Multi-tasking Face (MTF), A New Facial Image Dataset That Respects Privacy And Can Be Used For Multiple Tasks
3 main points
✔️ Proposed a new facial image dataset that is GDPR compliant and can be used for multiple tasks of facial recognition, race, gender, and age classification.
✔️ Rigorous filtering and labeling to ensure high quality data.
✔️ The processed dataset shows high performance and will be extended to new tasks such as facial anonymization in the future.
Multi-Task Faces (MTF) Data Set: A Legally and Ethically Compliant Collection of Face Images for Various Classification Tasks
written by Rami Haffar, David Sánchez, Josep Domingo-Ferrer
(Submitted on 20 Nov 2023)
Subjects: Computer Vision and Pattern Recognition (cs.CV); Machine Learning (cs.LG)
code:
The images used in this article are from the paper, the introductory slides, or were created based on them.
Summary
Facial images are highly useful data that can be used for a variety of classification tasks, including facial recognition, age estimation, gender identification, sentiment analysis, and racial classification. On the other hand, they are highly sensitive personal information, and privacy regulations such as GDPR restrict the collection and use of facial images for research purposes. As a result, large datasets of previously publicly available facial images have been made private.
Therefore, datasets based on synthetic face images have been attracting attention in recent years. However, it is difficult to achieve the same data distribution as that of real face images of real people, and their performance is inferior to that of models using real face images. In addition, most traditional datasets are labeled for specific tasks, limiting their use.
To address these issues, this paper proposes the Multi Task Face (MTF) Dataset, a dataset of real face images designed to be used for various classification tasks, including face recognition, race, gender, and age classification, while clearing legal restrictions.
This paper introduces the dataset and describes the data collection and processing procedures. It also evaluates the performance of the MTF dataset when used in various classification tasks. In addition, the MTF dataset is available at https://github.com/RamiHaf/MTF_data_set.
What is a multi-tasking face (MTF) data set?
MTF datasets are collected using the special exception in Article 9 of the GDPR (General Data Protection Regulation). This exception allows data subjects (i.e., data owners) to collect and process their own publicly known personal data. This data set is focused on publicly known individuals. This allows the dataset to be legally and securely published while avoiding privacy issues. In addition, we have received approval for the creation and use of this dataset from the Committee for Ethical and Legal Evaluation of SoBigData++ (BOEL).

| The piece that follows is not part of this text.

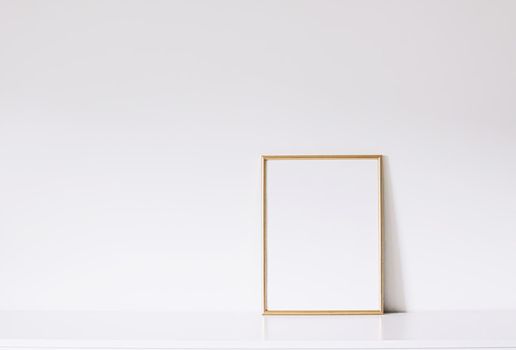 Golden vertical frame on white furniture, luxury home decor and design for mockup creations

For data collection, we use the IMDB Website to select publicly known individuals (celebrities). To increase diversity and comprehensiveness, we include the four racial categories used by the United States Census Bureau: Asian (Chinese/Korean), Asian (Indian), Black, and White. For gender, we include equal numbers of men and women to reduce gender bias. Similarly, we include equal numbers of young and older celebrities, with ages 18-49 defined as "young" and ages 50 and older defined as "older." An equal number of celebrities (40 older men, 40 older women, 40 younger men, and 40 younger women each) were selected from each racial group for a total of 640 IDs.
No limit was placed on the number of images downloaded per celebrity, and crawling continued until there were no more images available, eventually collecting 117,114 images. The data was first processed using Haar Cascade to automatically detect and crop facial regions in the images.
In addition, each cropped image was visually verified by three evaluators to ensure that each image contained the facial image of the assumed celebrity. Because the original images were obtained from the public domain and Creative Commons, they also included many random images of artwork and design; Haar Cascade incorrectly detected facial regions from these images, and thus excluded those that were not appropriate. As a result, the size of the dataset was reduced to 42,575 images. Face images that did not belong to the correct ID were also excluded. This reduces the size of the dataset to 6,453 images.
Also excluded are images in which parts of the face are hidden (e.g., sunglasses or hands covering the mouth or eyes), hand-drawn, artificially altered, or generated by AI algorithms. Images in which the face looks unnatural due to make-up have also been removed. This reduces the size of the dataset to 5,984 images.
In addition, to reduce the risk of data leakage and to avoid unnecessary additional costs for training the AI model, duplicate or similar images (e.g., sequential shots) were excluded from the dataset, bringing the dataset size to 5,763 images. From here, further images that did not meet the criteria of the assumed task were also excluded by the experts.
These filters ultimately reduced the data set significantly from 117,114 to 5,246 images (only 4.47% of the original data). All remaining face images were resized to a uniform resolution of 1024 x 1024 pixels.
After cropping and filtering the face images to only those of a certain level of quality, labeling is performed. For labeling for face recognition, images are labeled to identify one of 240 celebrities. In labeling for racial classification, the image is labeled to identify one of four categories: Asian (Chinese/Korean), Asian (Indian), Black, and Caucasian. Labeling for gender classification labels them as male or female. Labeling for age classification places them into one of two categories: young or old.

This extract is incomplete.